When trained on higher maximum iteration counts, the predictor defaults to the final iteration class for later iterations, suggesting it learns a coarse ‘early’ vs ‘late’ distinction rather than precise temporal positioning. This may be due to the original GNN not being exposed to longer sequences during training.
These findings demonstrate that constraint embeddings encode rich information about constraint types, geometric relationships, satisfaction status, and temporal progression, providing more insight into the model’s internal reasoning process.
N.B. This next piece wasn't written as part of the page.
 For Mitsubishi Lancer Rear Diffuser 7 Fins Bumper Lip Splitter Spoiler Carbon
Appendix J. Evolution of Constraints Under UMAP Projection

Unlike earlier visualizations which involved the interpretation of classification outputs in a precise 2D grid, this analysis focuses on how the embedding space itself organizes geometric reasoning. We use UMAP to project the point embeddings: both the static embeddings from the shared embedding layer and the evolving embeddings of unknown points during inference into 2D space. These projections are not tied to the output logits or grid structure, but purely reflect how the network shapes its internal representation geometry.
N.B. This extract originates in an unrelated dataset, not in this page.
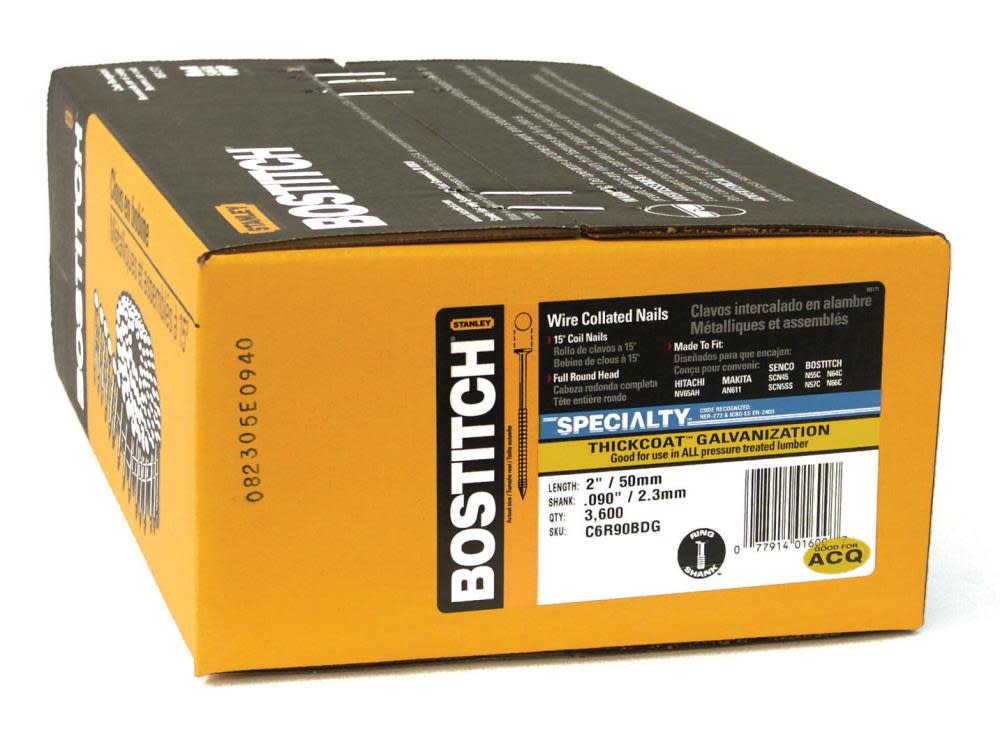 Bostitch 2-in x 0.092 Galvanized Ring Shank 15 Coil Siding Nail - Flockneti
To visualize the reasoning dynamics, we perform the projection independently at each inference iteration. We then connect the points that participate in the same constraint using the same logic as in earlier visualizations in the precise 2D grid (i.e., if there is a line segment between points A and B in the shape for the given constraint, we add the segment to the projected image). This allows us to track how spatial relationships emerge and evolve directly in embedding space, without reference to grid positions or decoded predictions.
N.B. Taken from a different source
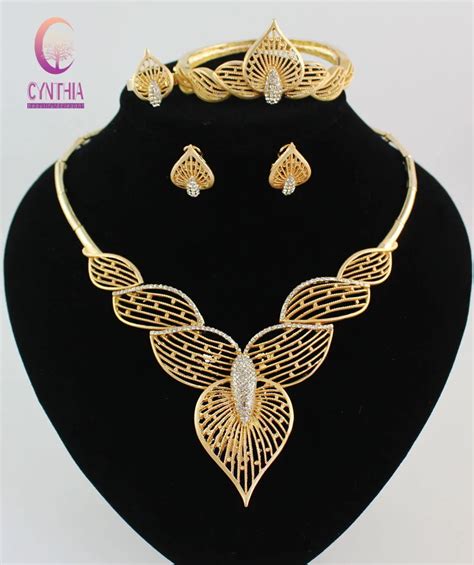 Fashion Gold Color Crystal Leave Shape Luxury Dubai Necklace Earring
At the start of inference, the embeddings of unknown points are randomly initialized and lie far from the structured region formed by the fixed (grid) embeddings. During inference, especially within the first five iterations, these points are pulled into the manifold shaped by the fixed points of the grid, forming a coherent geometric configuration. This initial phase is clearly visible in the UMAP projections, reflecting the alignment of unknown embeddings with the learned spatial structure.
We also tried to quantify these dynamics by computing several geometric metrics over the UMAP projections at each iteration. We computed a set of nine normalized metrics, each producing a score in  [ 0 , 1 ] , where  1.0  indicates perfect satisfaction of a geometric property. These are grouped by constraint type:
  • Square constraints:
    -
    Area ratio: Compares the area of the quadrilateral to that of a square with the same average side length. Normalized to 1.0 when areas match.
    -
    Side uniformity: Measures the coefficient of variation of the four side lengths. A perfect square has all sides equal ⇒ uniformity  = 1.0 .
    -
    Corner angle quality: Average deviation from  90  angles at each corner, normalized so that perfect right angles give 1.0.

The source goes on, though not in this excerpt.